Is there anything i can do to speed up this loss calculation ? (Trajectory Balanced loss for Flow Network from [2310.02779] Expected flow networks in stochastic environments and two-player zero-sum games)
function gpu_train(policy, opt, datas, batch_size=512, λ=15)
# Sample a batch on CPU
idxs = rand(1:length(datas), batch_size)
batch = datas[idxs]
# Build CPU arrays
states_cpu = zeros(Float32, 2*NN, batch_size, NN)
actions_cpu=zeros(Float32,NN,batch_size,NN)
rewards_cpu = zeros(Float32, 1, batch_size)
dones_cpu = zeros(Float32, 1, batch_size, NN)
masks_cpu = ones(Float32, NN, batch_size, NN)

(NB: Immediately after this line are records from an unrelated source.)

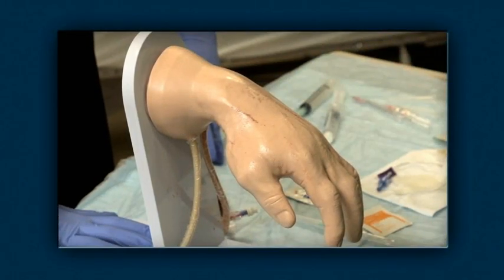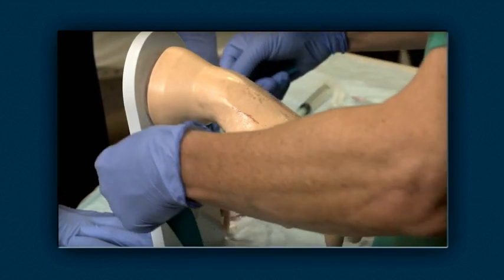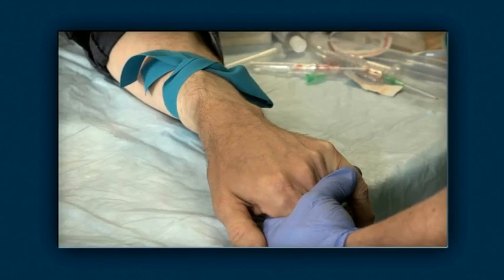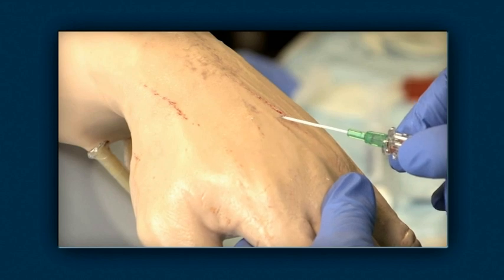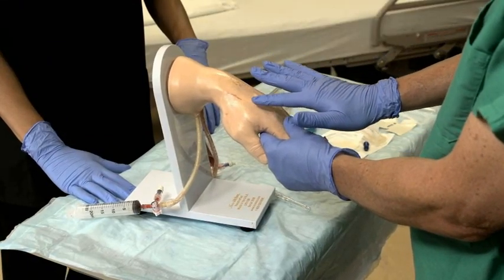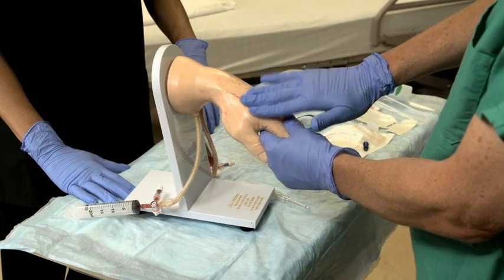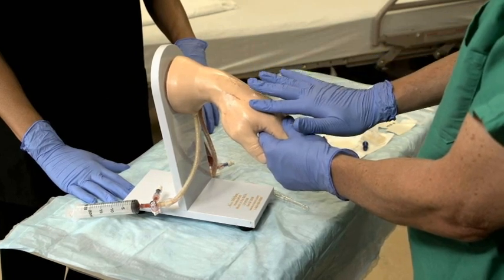Select the site for IV insertion, considering a number of factors, including the size of catheter needed, the accessibility of the patient's veins, and the degree of discomfort for each site. Upper extremity sites are more durable and are less likely to have complications such as thrombophlebitis. Therefore, use lower extremity veins only if an upper extremity vein can't be cannulated.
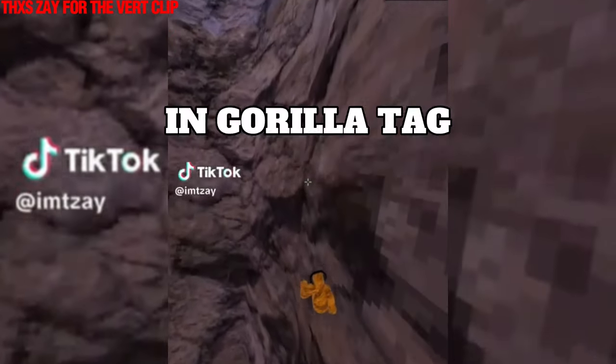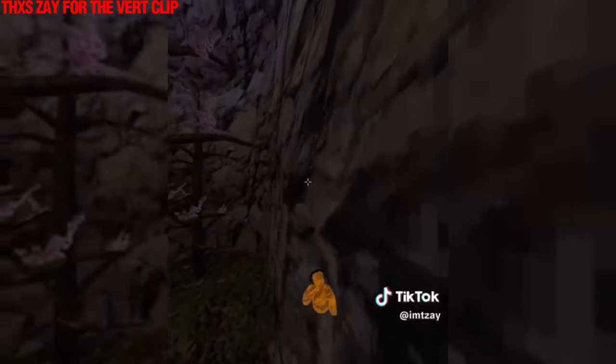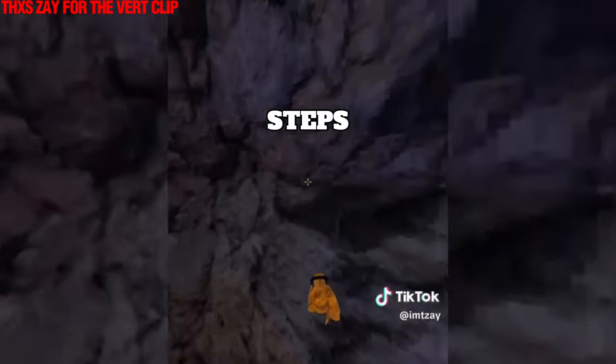Have you ever wondered how to vert in Gorilla Tag? In this tutorial, I'll be showing you how to vert from start to finish with all the steps you'll ever need.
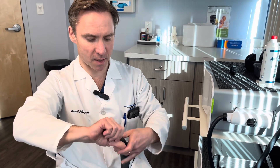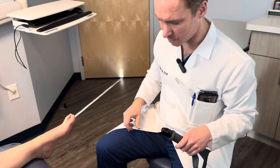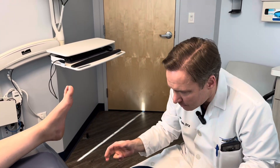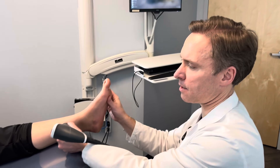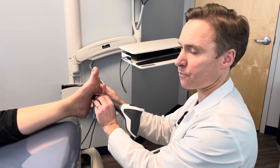So this is how we set it up. When positioning, one of the keys to doing shockwave is you want to position the patient so you don't have to bend around a lot — you want it right at eye level. When I do shockwave, I usually start a little bit on the posterior tibial tendon and then go down to the foot region.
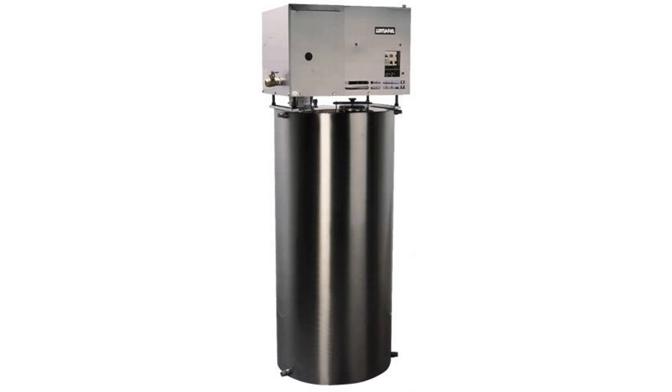Your water will taste great, and more importantly, will be free from pollutants. Similar to most Automatic Durastill products, this one also has an auto-fill feature. It uses float technology to turn off the distillation process once your storage tank is full.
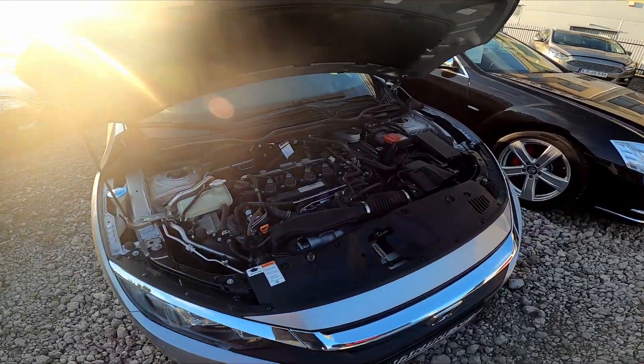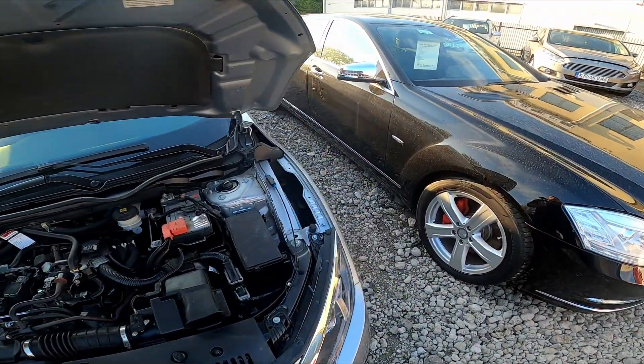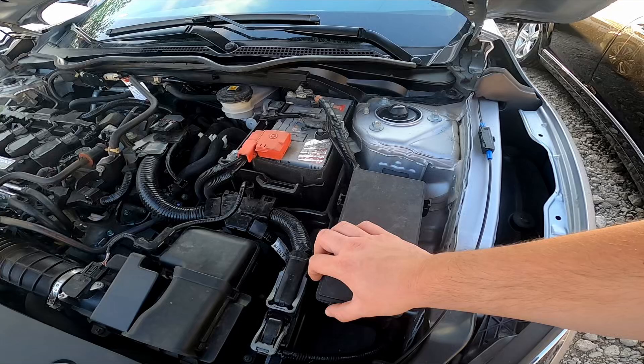To begin, take a look at the right side of the engine compartment. The fuse box in this car is located right here.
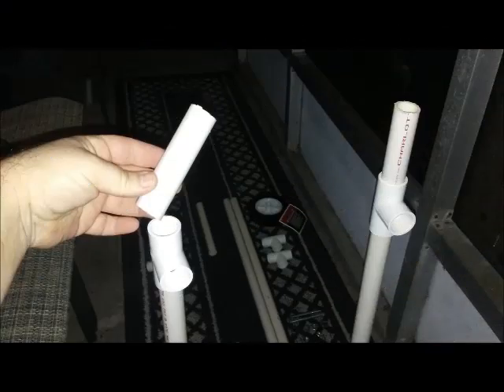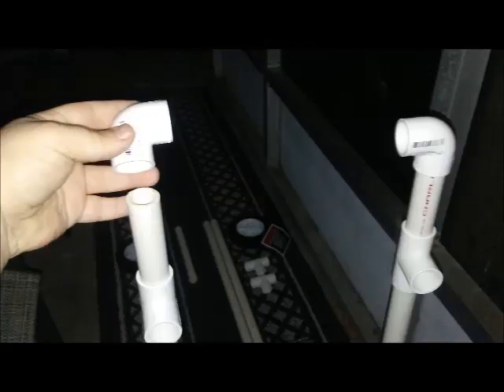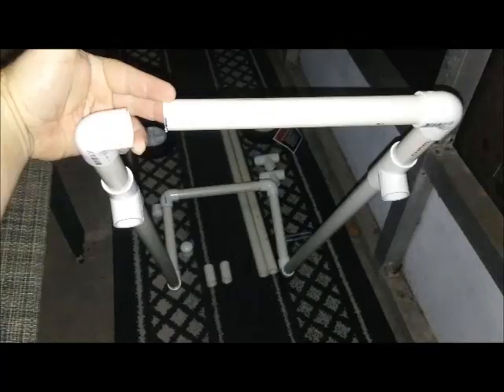At the end of that, put two number five T-connectors, and then two of the number seven three-inch pieces at the end of those, followed by two more number four elbow connectors.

for (j, traj) in enumerate(batch)
rewards_cpu[1, j] = λ * traj[end].winner
for (k, d) in enumerate(traj)
states_cpu[:, j, k] .= d.state
actions_cpu[d.action,j, k] = 1
dones_cpu[1, j, k] = d.done ? 0 : 1
masks_cpu[:, j, k] = d.mask
end
end
# Move entire arrays to GPU
states = cu(states_cpu)
actions = cu(actions_cpu)
den = cu(rewards_cpu)
dones = cu(dones_cpu)
masks = cu(masks_cpu)
num=ones(Float32,1,batch_size)|>gpu
gs = gradient(policy) do m
num=exp.(num.*m.z)
nactions=log.(sum(masks, dims=1)).*dones
for t in 1:NN
if sum(dones[:,:,t])==0
break
end
logits = m(states[:,:,t]) .* masks[:,:,t] .- (1 .- masks[:,:,t]) * 1.0f10
probs=sum(logsoftmax(logits, dims=1).*actions[:,:,t],dims=1)
if t%2==1
num += probs.*dones[:,:,t]
num += nactions[:,:,t]
else
den += probs.*dones[:,:,t]
den += nactions[:,:,t]
end
end
return Flux.mse(num,den)
end
Flux.update!(opt, policy, gs[1])
end